The Honi Race: Profiling Cream for Honi
Cream have outright failed the newly implemented Honi Quiz
Editors Pranay Jha and Liam Thorne are not involved in the 2019 coverage of the Honi Soit, NUS and SRC elections.
Quiz Score 39%
We’ll get this out of the way first – as we’ve reported, no members of Cream have written for Honi Soit. The bulk of their campus-based writing experience arises out of two members being regular reporters for Pulp, alongside some involvement in Dissent and the nascent USyd Women publication and adjacent media Enid. Much of their reporting experience lies is in non-editorial roles and we can’t help but notice that they’ve misspelt ‘pursuasions’ in their policy statement. Correct spelling isn’t all that necessary when editing a newspaper, so let’s not dwell on that.
There is benefit in some of Cream’s policies. They’ve implied that they will uphold the recently introduced multilingual section in promising “increased content by international students for international students.” We are sure that there are some people on campus who enjoy university related sports events, coverage of which Cream have also promised. Discussion is generally a good thing, and in line with this idea, Cream would like to see more debate and panel events.

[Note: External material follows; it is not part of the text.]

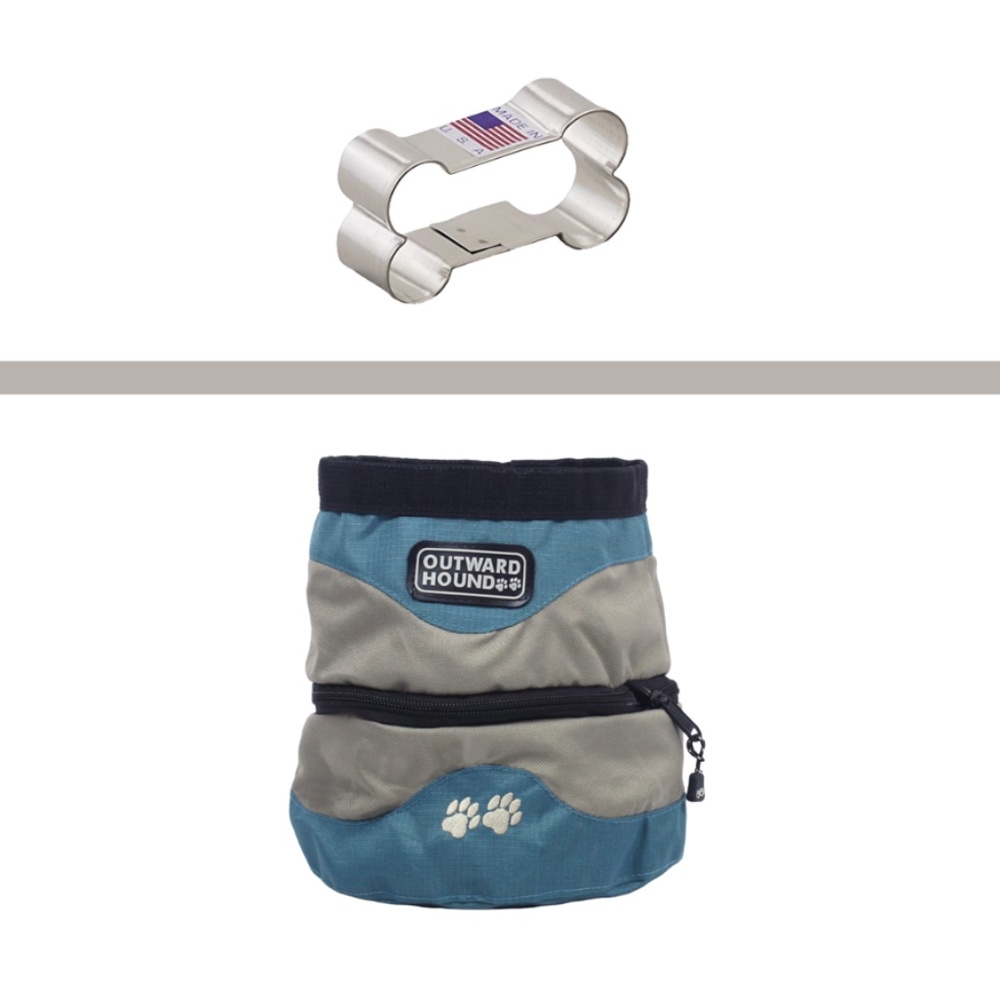 2-in-1 Food & Water Pet Bowl in Ice Blue + Dog Bone Cookie Cutter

While Cream’s promise of including USU club and societies reports is a peculiar addition into a paper published by the SRC, it may, at least, indicate a general interest in increasing engagement with the student body in clubs and societies, even if that means acceding limited paper space to external organisations, creating conflicts of interest and compromising the paper’s ability to cover major C&S fuck-ups.
The group’s limited proximity to Honi Soit makes itself apparent in the rest of their policy platform, which can be sliced into three neat categories: 1. Uncompromisingly vague; 2. Things that already exist; and 3. Literally recycled content from anonymous USyd-centric internet forums.
Institutional knowledge isn’t the only attribute required of an Honi ticket. But a degree of know-how certainly helps prospective editors understand the practical possibilities and realistic limitations facing Honi. On this front, Cream want to write about, inter alia, “things that impact [students]” and “uni life.” So broad are these two descriptors that we have no doubt that Cream, or anyone else who ever edits a student newspaper for that matter, will easily fulfil this election promise.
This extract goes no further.